Activity
With pictures removed, print the listing exactly.

Data segment
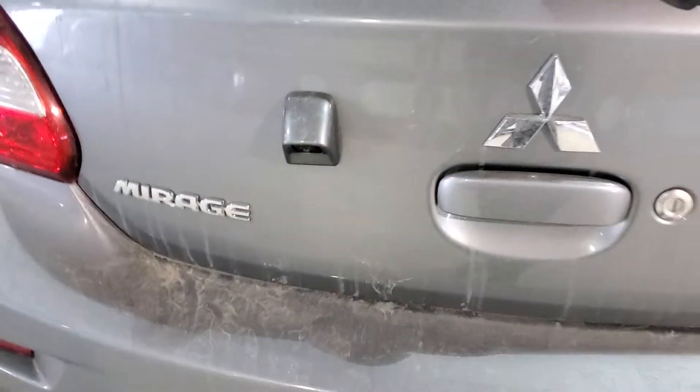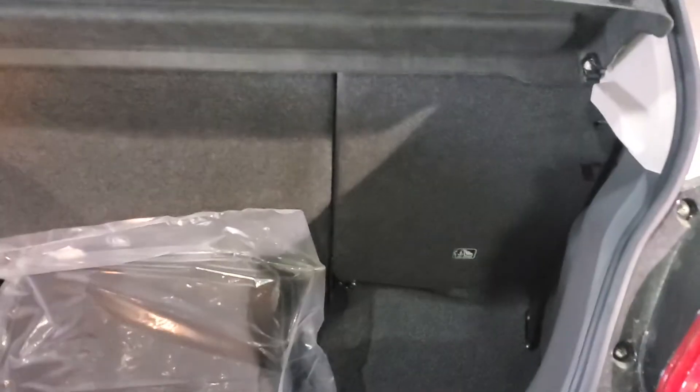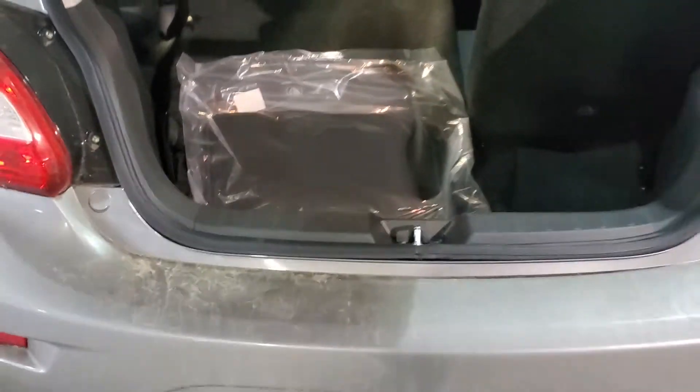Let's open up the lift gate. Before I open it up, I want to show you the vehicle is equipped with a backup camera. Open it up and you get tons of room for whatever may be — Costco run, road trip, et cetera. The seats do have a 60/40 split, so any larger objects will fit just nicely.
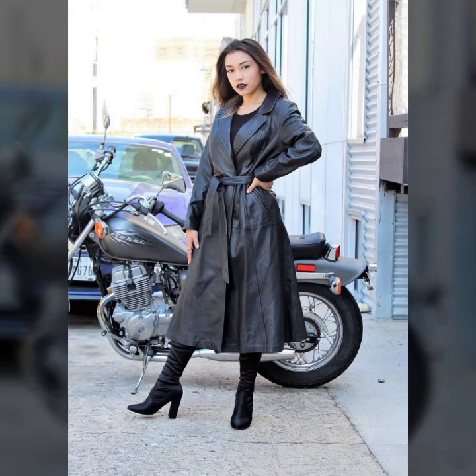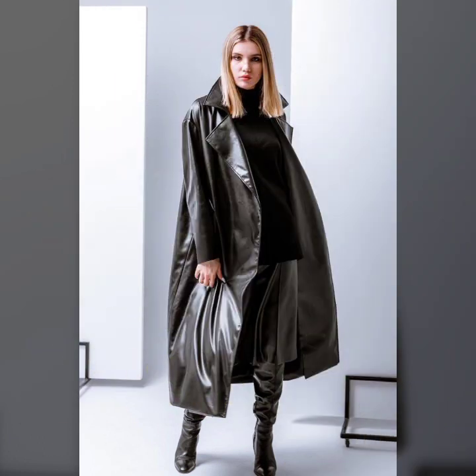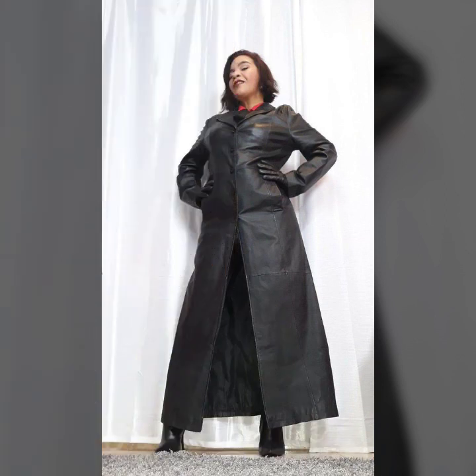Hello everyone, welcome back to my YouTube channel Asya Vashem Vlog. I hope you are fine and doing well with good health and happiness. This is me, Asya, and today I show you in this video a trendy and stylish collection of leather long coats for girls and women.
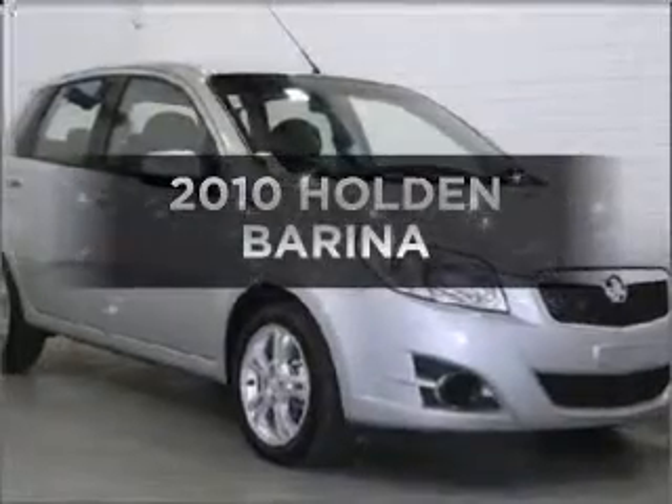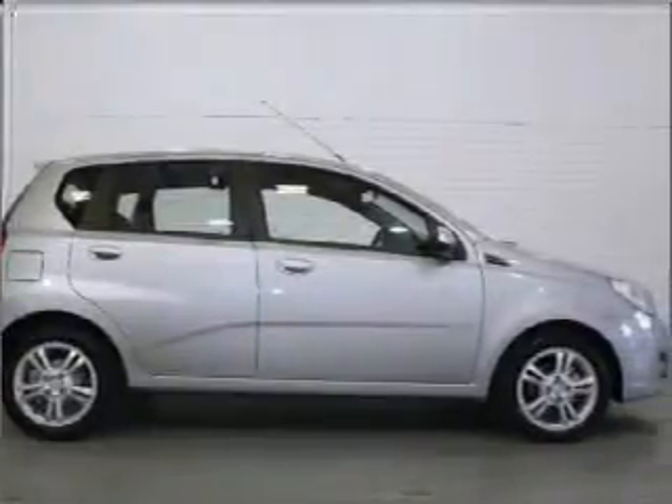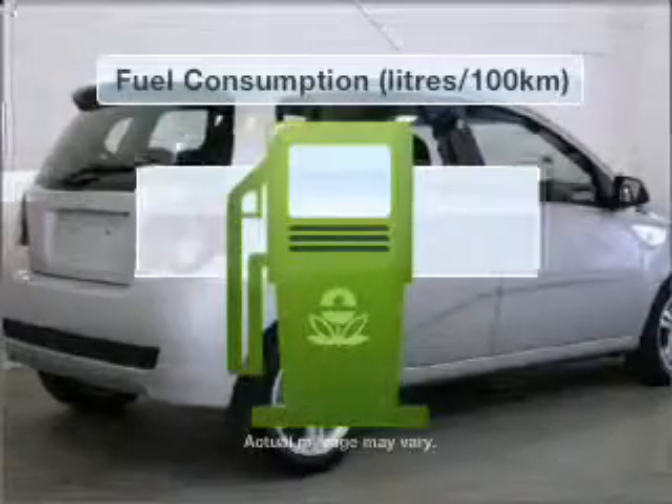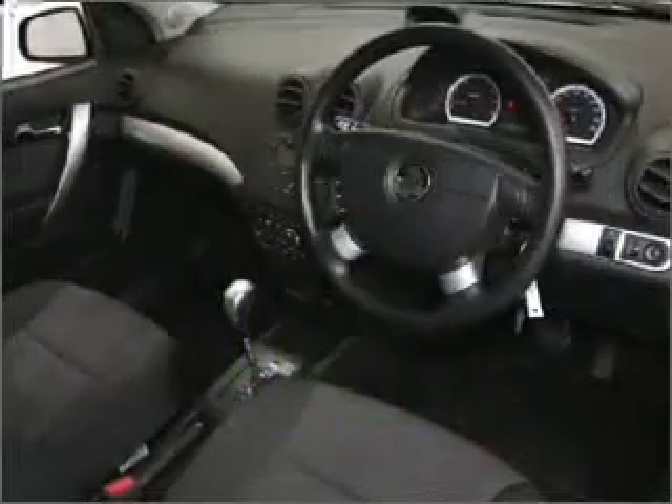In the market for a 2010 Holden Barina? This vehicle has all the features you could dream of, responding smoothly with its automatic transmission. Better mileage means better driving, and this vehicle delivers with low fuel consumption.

Written solution
Let's open up the lift gate. Before I open it up, I want to show you the vehicle is equipped with a backup camera. Open it up and you get tons of room for whatever may be — Costco run, road trip, et cetera. The seats do have a 60/40 split, so any larger objects will fit just nicely.
Hello everyone, welcome back to my YouTube channel Asya Vashem Vlog. I hope you are fine and doing well with good health and happiness. This is me, Asya, and today I show you in this video a trendy and stylish collection of leather long coats for girls and women.
In the market for a 2010 Holden Barina? This vehicle has all the features you could dream of, responding smoothly with its automatic transmission. Better mileage means better driving, and this vehicle delivers with low fuel consumption.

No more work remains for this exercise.